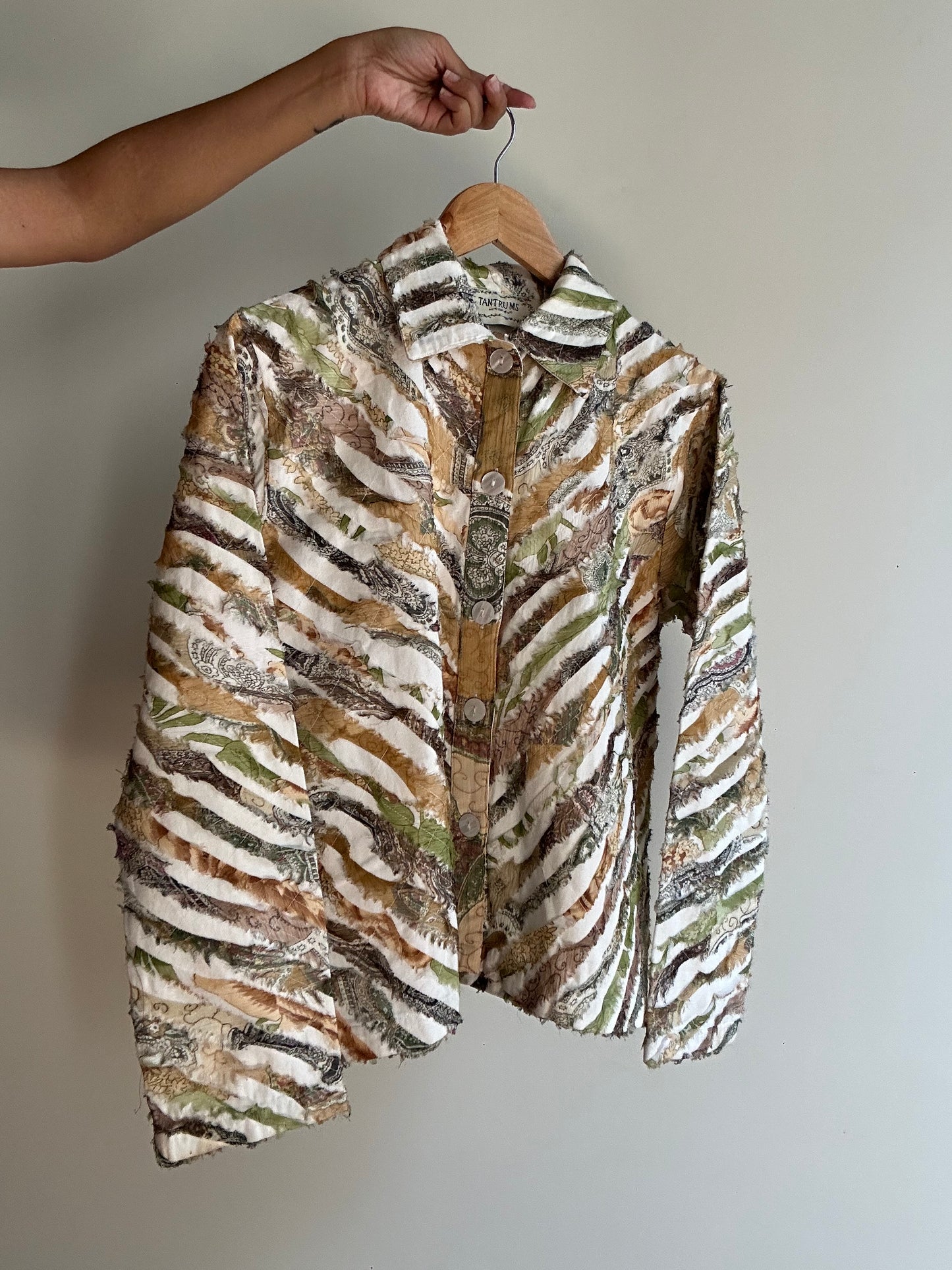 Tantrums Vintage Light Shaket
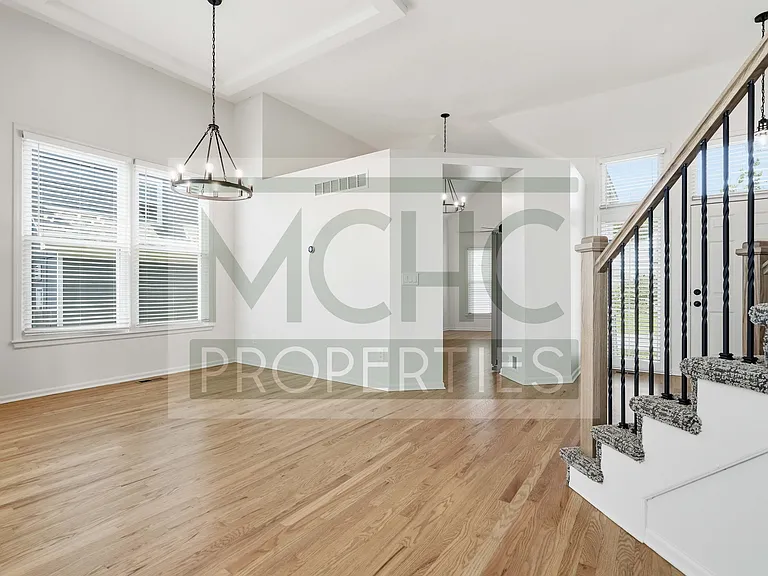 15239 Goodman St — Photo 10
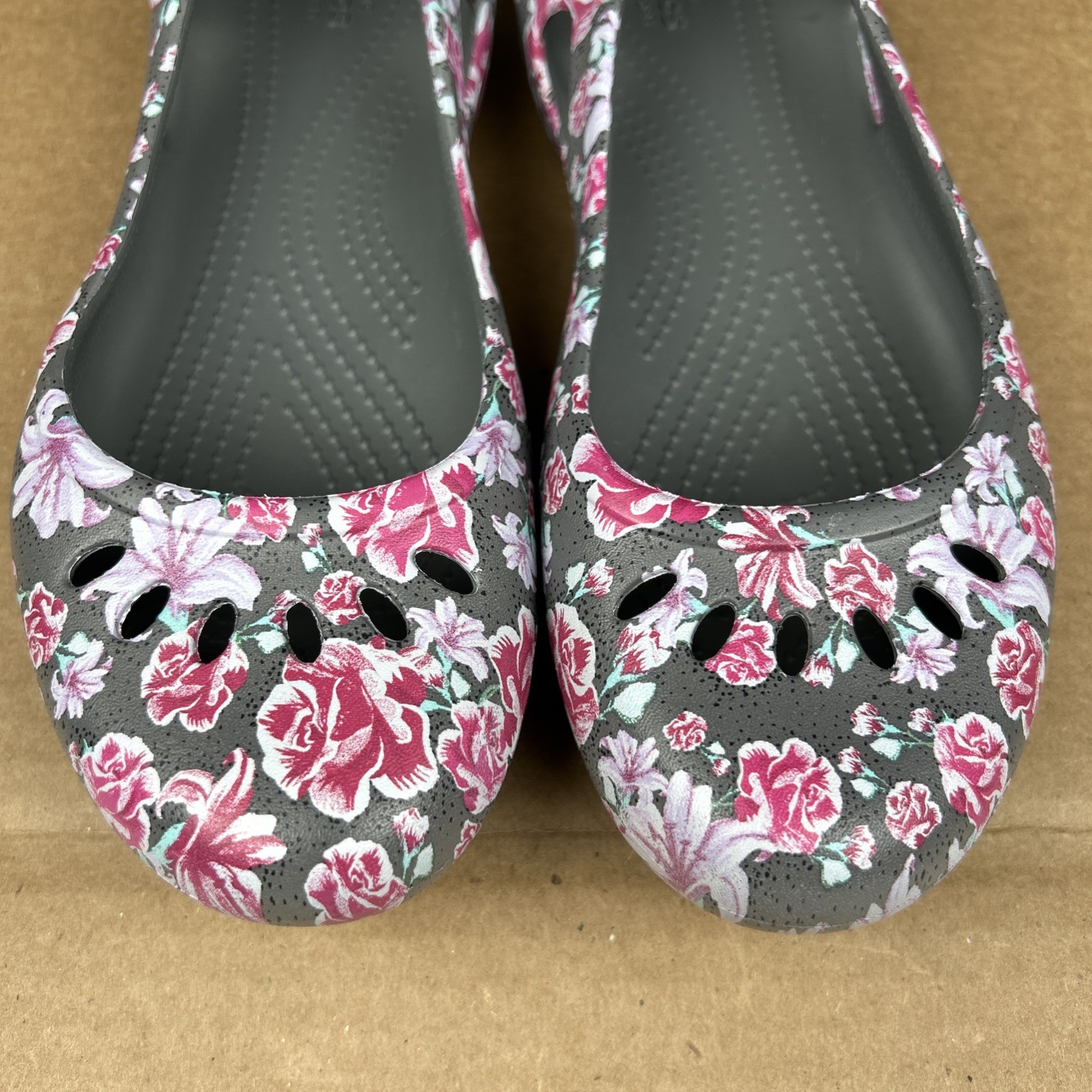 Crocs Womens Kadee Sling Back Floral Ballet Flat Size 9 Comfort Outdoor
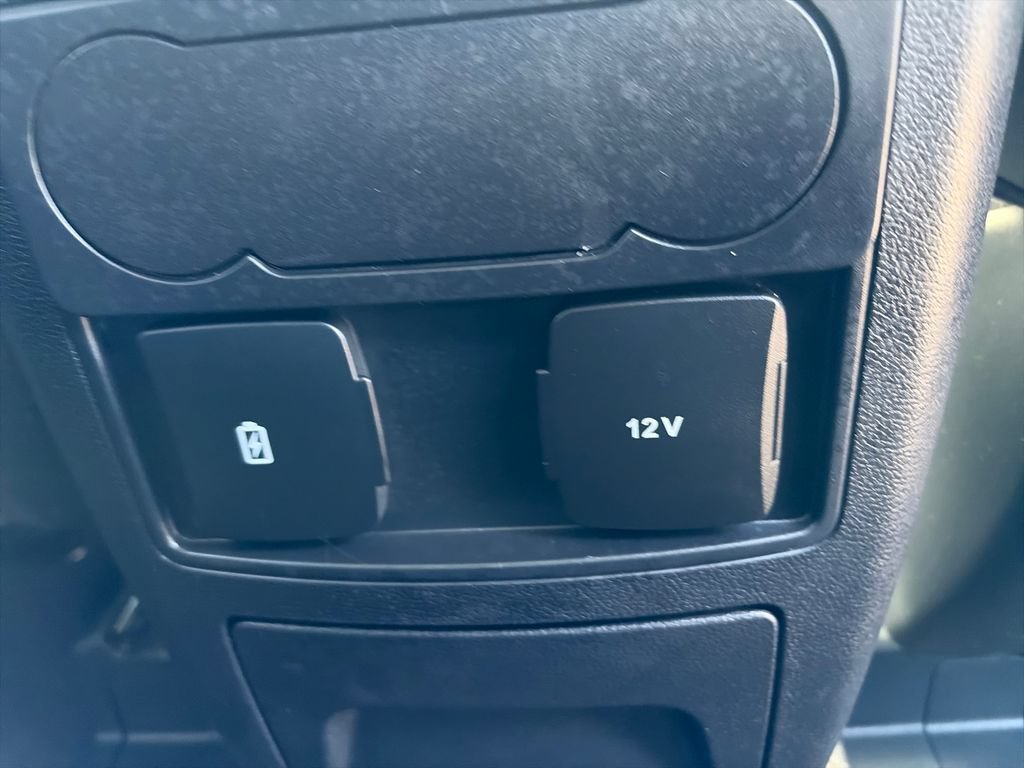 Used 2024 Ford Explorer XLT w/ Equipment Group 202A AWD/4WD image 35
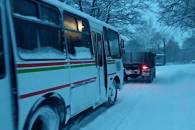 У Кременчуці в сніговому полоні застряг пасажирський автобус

(TRY IT): Output each line of the records exactly. Any picture is skipped.

(RESULT FOR THIS TASK):
 Tantrums Vintage Light Shaket
 15239 Goodman St — Photo 10
 Crocs Womens Kadee Sling Back Floral Ballet Flat Size 9 Comfort Outdoor
 Used 2024 Ford Explorer XLT w/ Equipment Group 202A AWD/4WD image 35
 У Кременчуці в сніговому полоні застряг пасажирський автобус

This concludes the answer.